#### Your instructions:
Only one stretch of the material below is wanted: everything from the line containing "map of restaurants, bars, coffee" down to the line containing "European and American", both ends included. Repeat it exactly and skip the pictures.
Excerpted data Start Marker
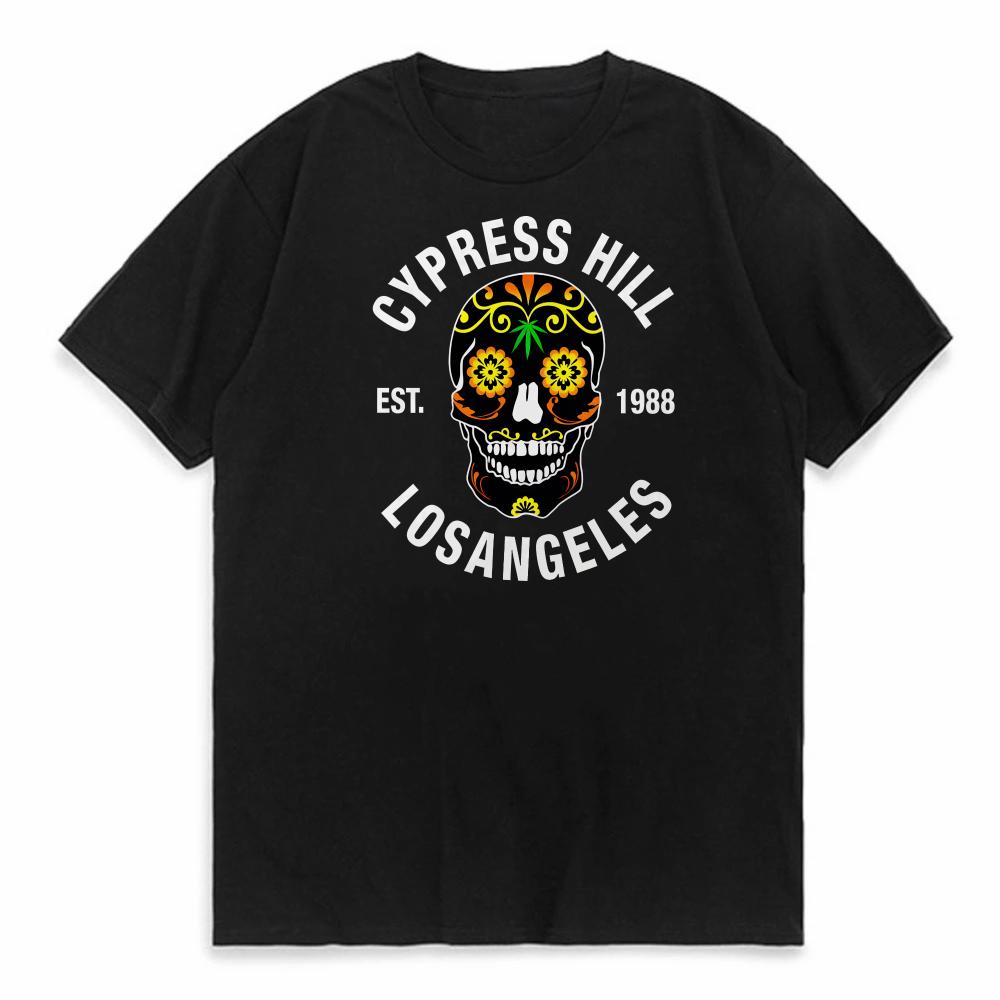Rapper Cypress Hill Skelett Grafik T-Shirt Unisex Modetrend Streetwear Bedruckt Rundhals Kurzarm T-Shirt
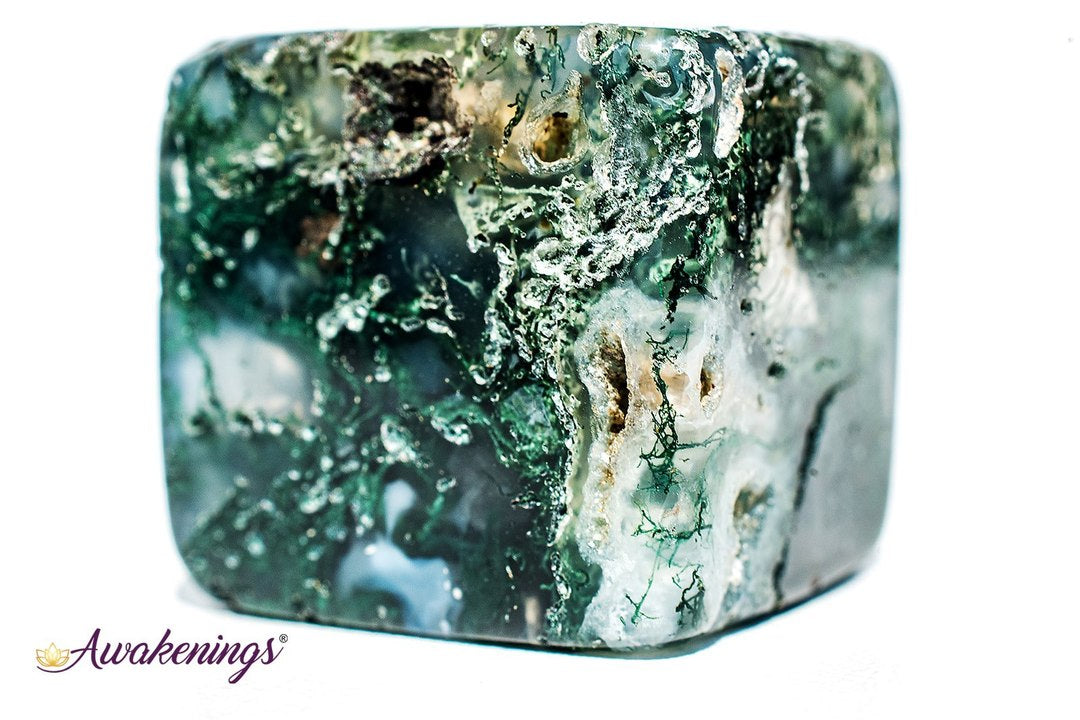 Moss Agate Cubes 1"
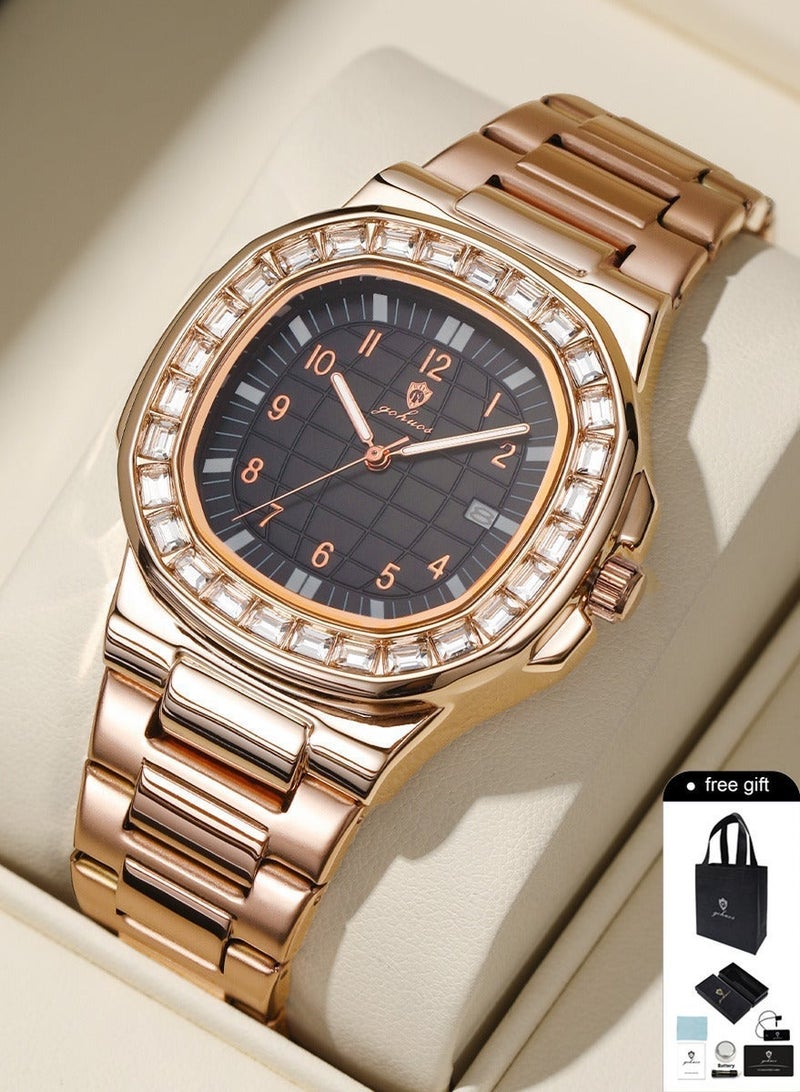 جوهوس ساعات رجالية، ساعة يد كلاسيكية من الكوارتز المضيء المقاوم للماء بحزام من الفولاذ المقاوم للصدأ من أفضل العلامات التجارية الفاخرة - 38 مم - هدية للأب أو الصديق - Image 2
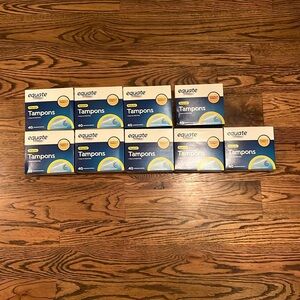 NIB Equate Regular Tampons Lot of 9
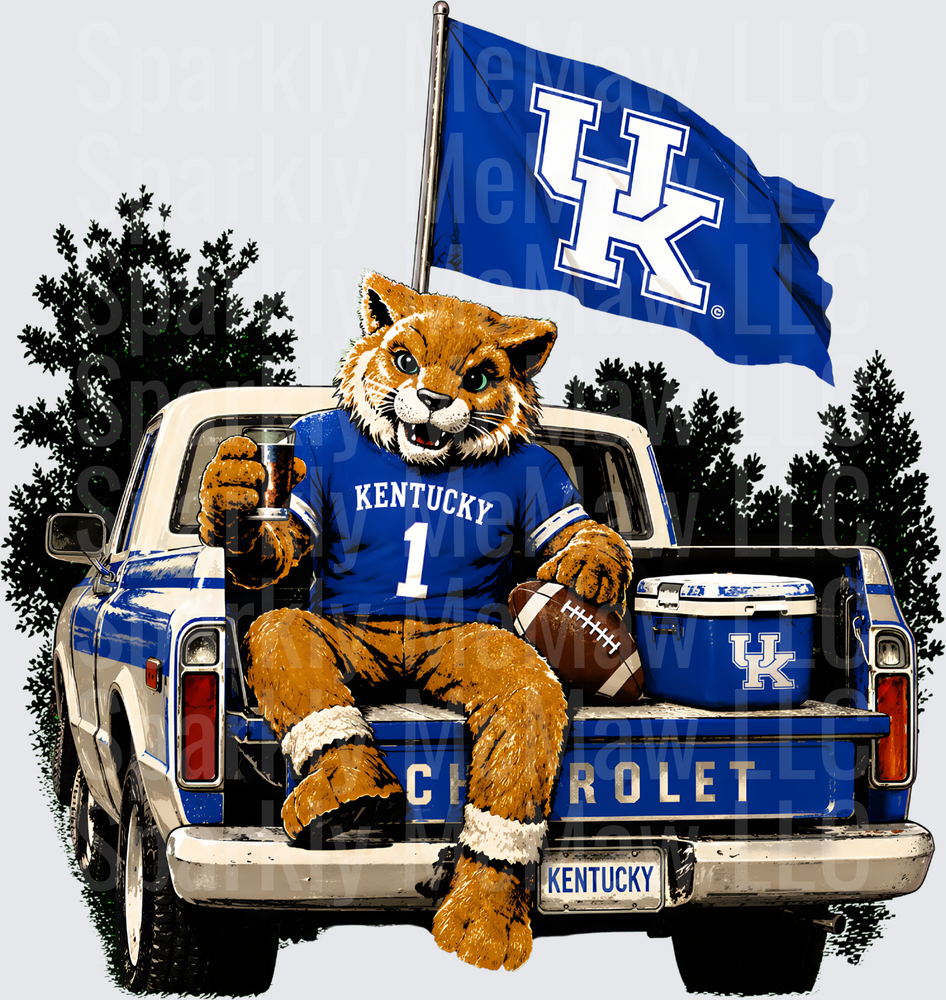 Kentucky Wildcats Wildcat Mascot Tailgate Chevy Truck UK Flag Football Cooler DTF Transfer for fabrics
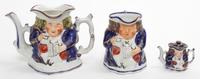 Three English Lusterware Figural Articles Height of tallest 6 1/4 inches. — 19TH AND 20TH CENTURY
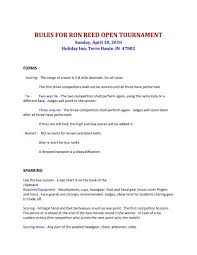 Rules For Ron Reed Open Tournament Kamikaze Karate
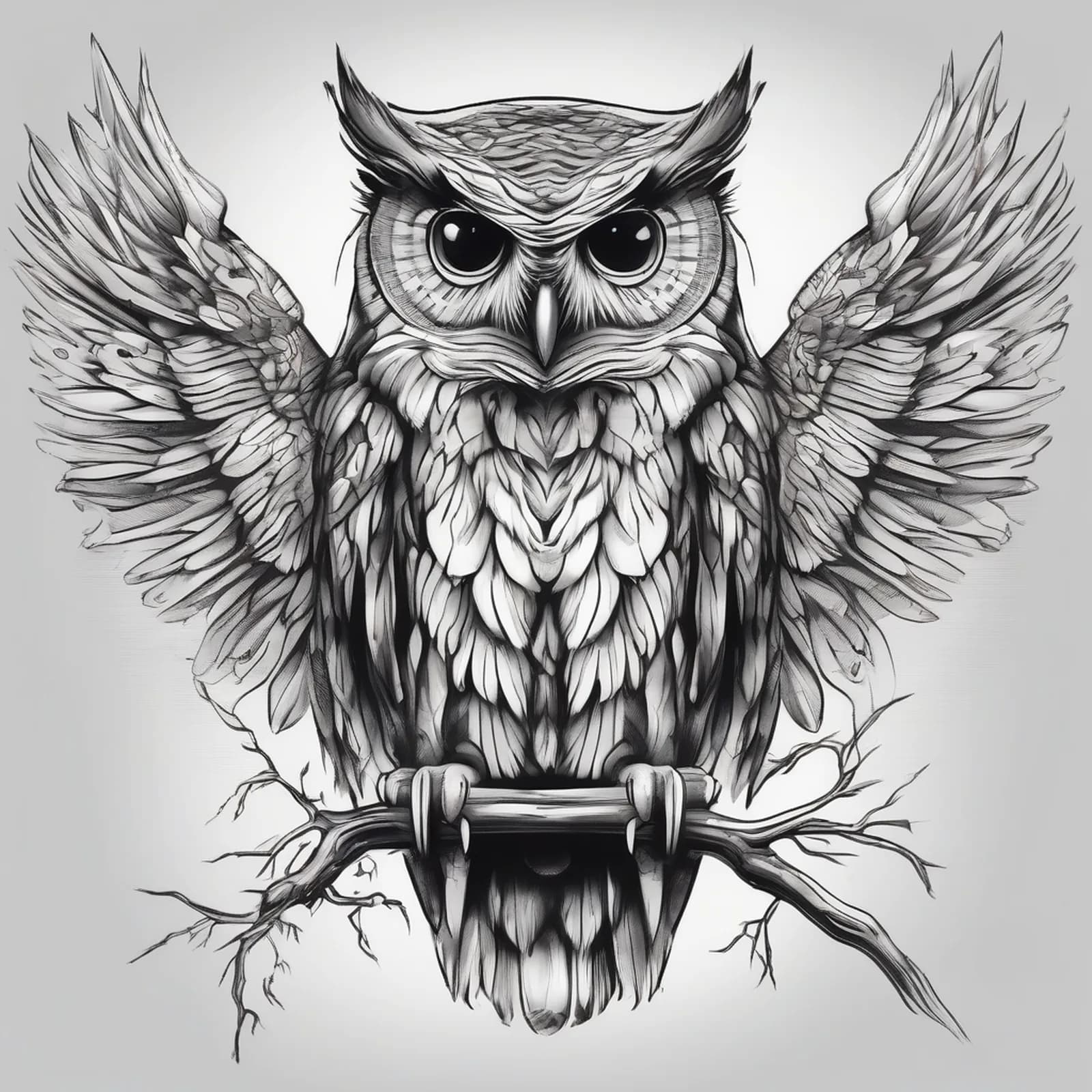 Owl On The Shoulder Blade tattoo design, alternative version 4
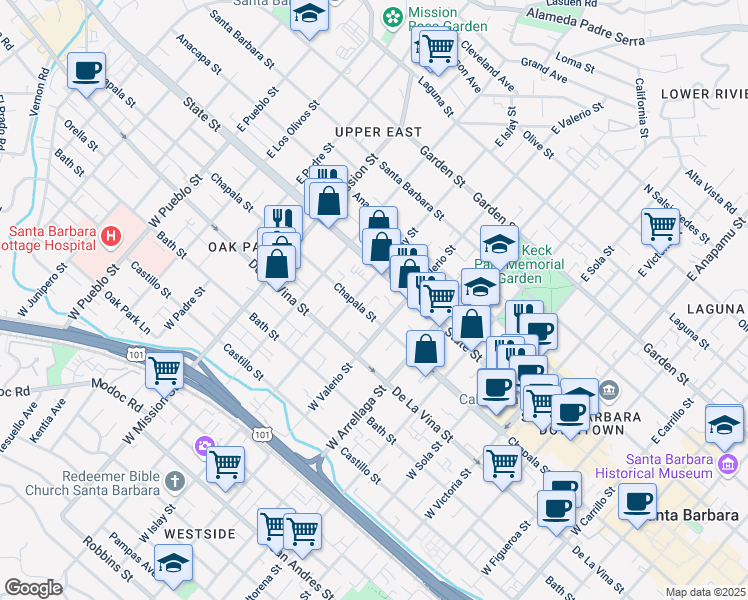 map of restaurants, bars, coffee shops, grocery stores, and more near 20 West Valerio Street in Santa Barbara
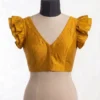 Ruffled Cap Sleeve Raw Silk Readymade Blouse | Deep V-Neck Saree Crop Top - Image 5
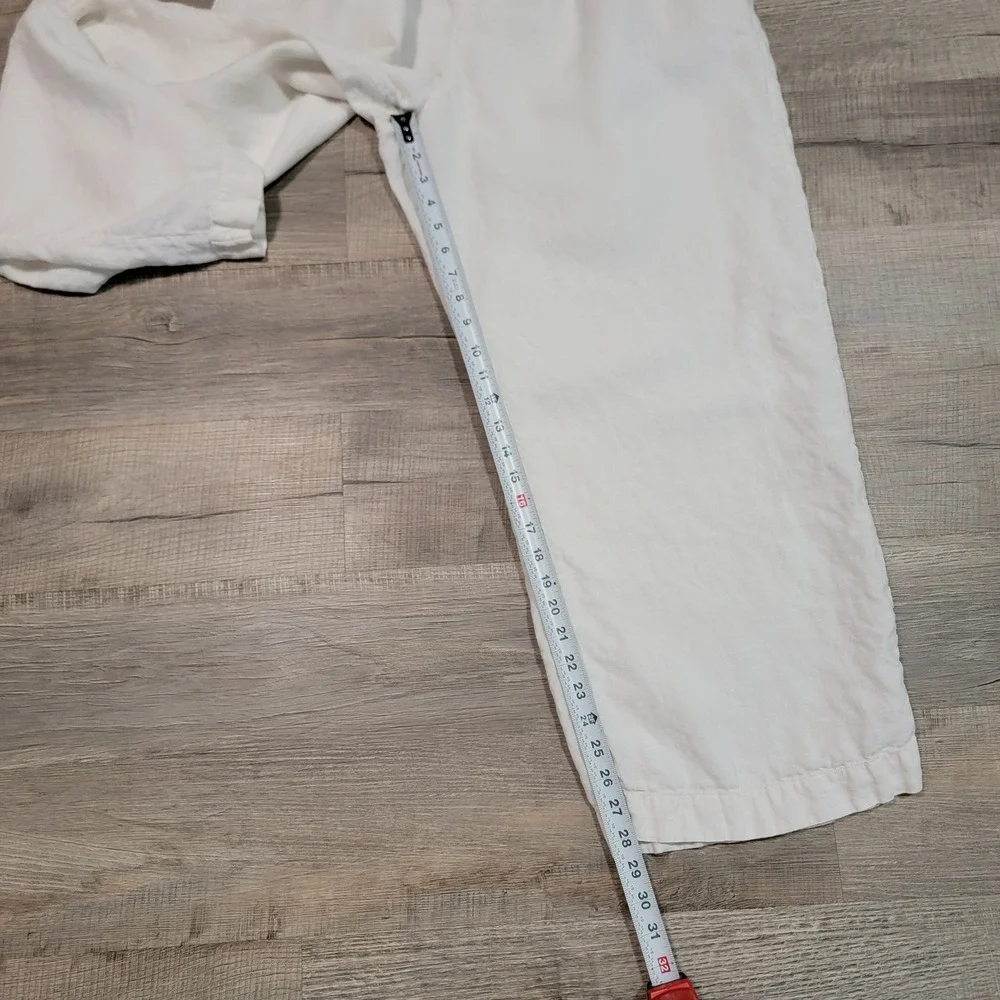 Everlane XL White European Flax Linen Drawstring Pull On Wide Leg Pants Pockets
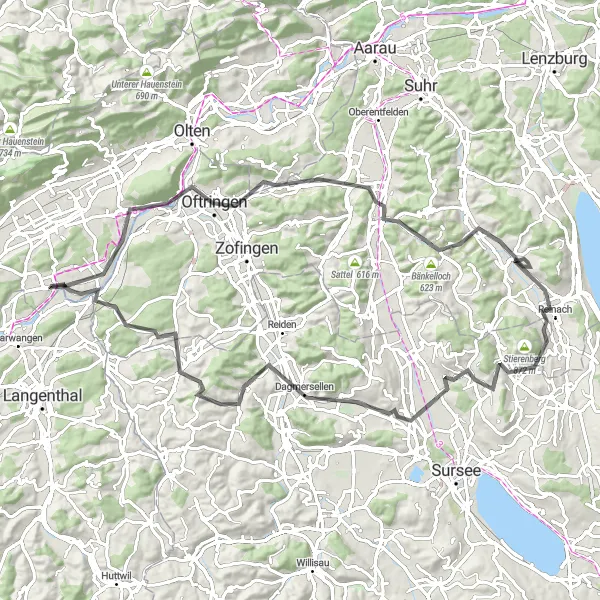 Kartminiatyr av "Vägcykeltur till Murgenthal" cykelinspiration i Espace Mittelland, Switzerland. Genererad av Tarmacs.app cykelruttplanerare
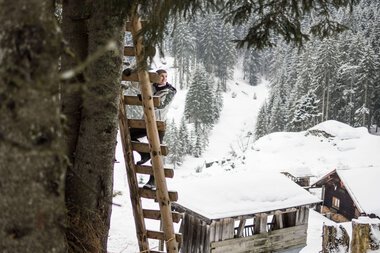 Woman feeding wildlife in a snowy winter landscape, sitting on a wooden ladder structure next to a tree. | © Kleinwalsertal Tourismus eGen • Photographer: Andre Tappe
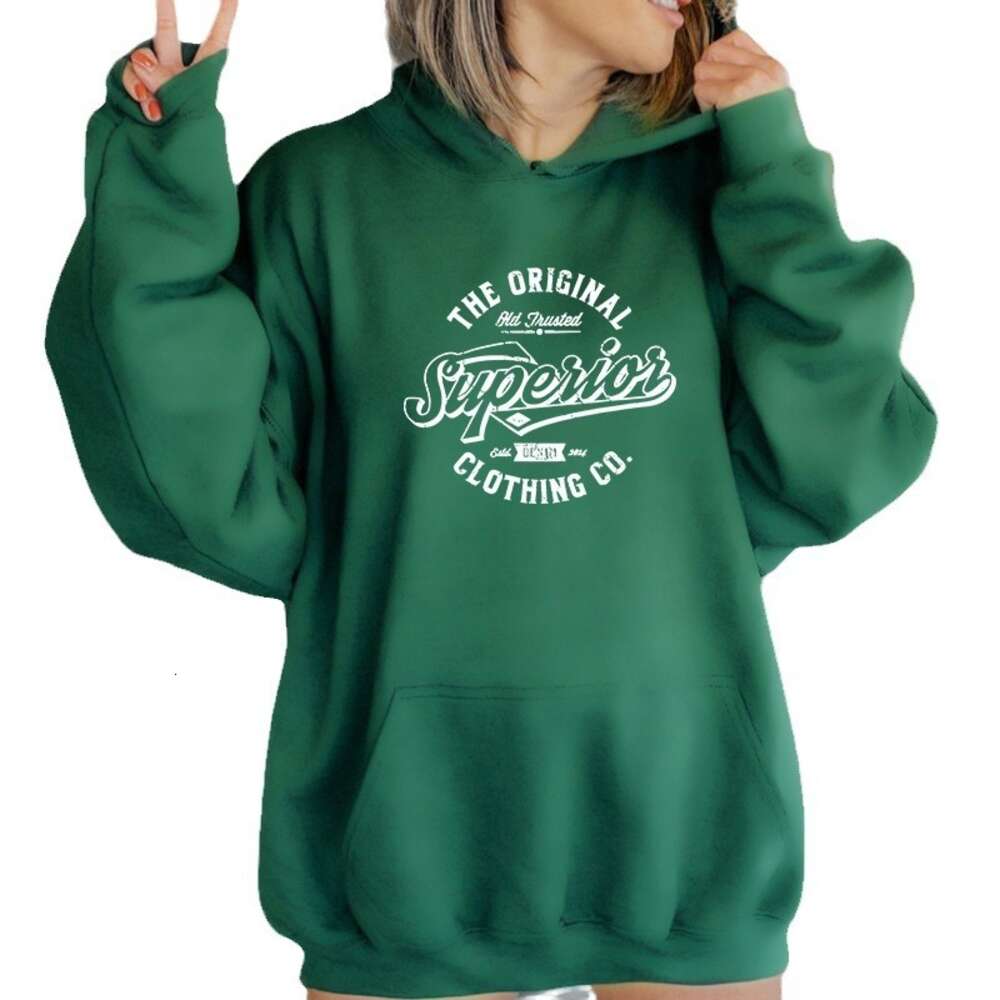 European and American Ins trendy women's hoodie with personalized printed letters, women's hooded fleece hoodie F8.1#30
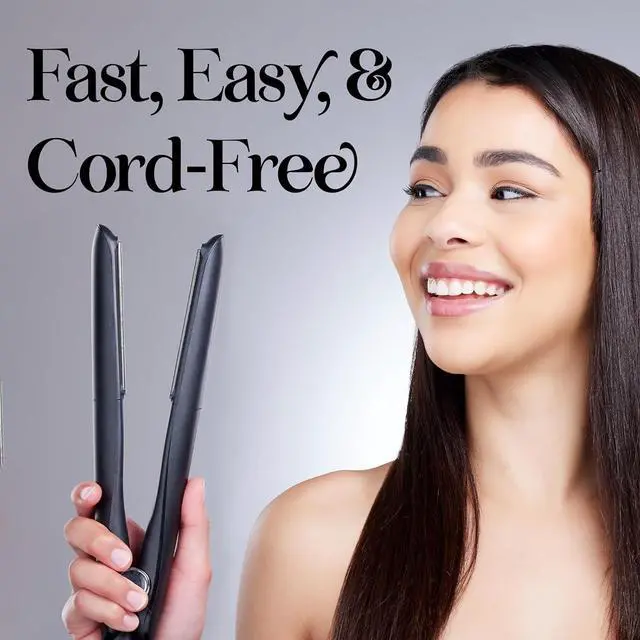 Alt view image 9 of 10 - Pursonic USB Rechargeable Cordless Hair Straightener with 2 * 4500mah Batteries - Portable Hair Straightener with 3 Temp Level, LED Indicators & Ceramic Coated Flat Iron (Black),RHS48BK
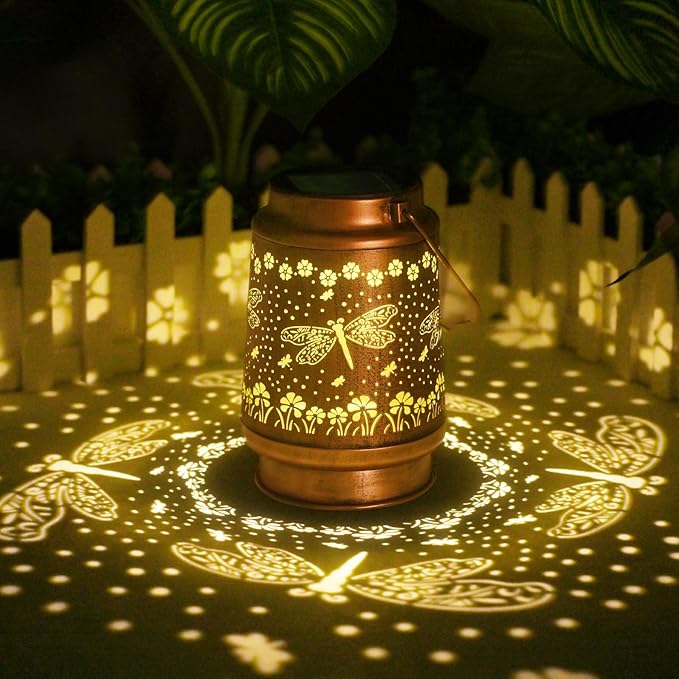 2Pack Solar Lights Dragonfly Solar Lanterns Outdoor Waterproof - Garden Decor Birthday Gifts for Women Mom Grandma Hanging Decoration Outside for Yard, Patio, Backyard, Porch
Excerpted data End Marker
#### Result of the task:
 map of restaurants, bars, coffee shops, grocery stores, and more near 20 West Valerio Street in Santa Barbara
 Ruffled Cap Sleeve Raw Silk Readymade Blouse | Deep V-Neck Saree Crop Top - Image 5
 Everlane XL White European Flax Linen Drawstring Pull On Wide Leg Pants Pockets
 Kartminiatyr av "Vägcykeltur till Murgenthal" cykelinspiration i Espace Mittelland, Switzerland. Genererad av Tarmacs.app cykelruttplanerare
 Woman feeding wildlife in a snowy winter landscape, sitting on a wooden ladder structure next to a tree. | © Kleinwalsertal Tourismus eGen • Photographer: Andre Tappe
 European and American Ins trendy women's hoodie with personalized printed letters, women's hooded fleece hoodie F8.1#30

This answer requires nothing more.